Имя Николая Михайловича Бахтина совсем мало известно. Сравнивая шумные и блестящие карьеры иных посредственностей с его участью, с тем положением, которого он добился, как не задуматься еще раз над случайностью славы, почета, признания, всего того, что будто бы увенчивает заслуги и таланты человека. «Имеют книги свою судьбу», сказано в стихе Горация, горестно процитированном в личных заметках Пушкина. Имеют и люди свою судьбу, столь же мало справедливую, капризную, а нередко и просто вздорную.
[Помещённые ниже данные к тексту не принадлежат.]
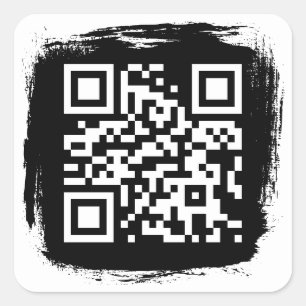 Schwarz-weißer Grunge-Rahmen-QR-Code Quadratischer Aufkleber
В этом человеке были проблески гениальности, — и утверждая это, я прекрасно знаю, что такие слова могут вызвать скептическую усмешку. Но никто из тех, кто Бахтина близко знал, не усмехнется. Слово «талант» к нему в сущности мало подходит, и если на этом слове остановиться, трудно решить, какой у него, собственно говоря, был талант — писательский, ораторский, научный? Ни тот, ни другой, ни третий в чистом виде. Была необыкновенная личность, угадывавшаяся почти во всем, за что Бахтин ни брался бы, даже при срывах. Казалось, рано или поздно эта необычайность должна будет проявиться полностью, во всей силе, — и привести к необычайным результатам. Но так только казалось. Бахтин умер уже не молодым человеком и в последние годы занимал должность профессора лингвистики в полузахолустном Бирмингеме. Им дорожили, с ним считались. Некоторые его работы получили высокую оценку авторитетнейших европейских филологов. Но это все-таки было не совсем то, чего от Бахтина можно было ждать. Да он и сам иллюзий себе не делал.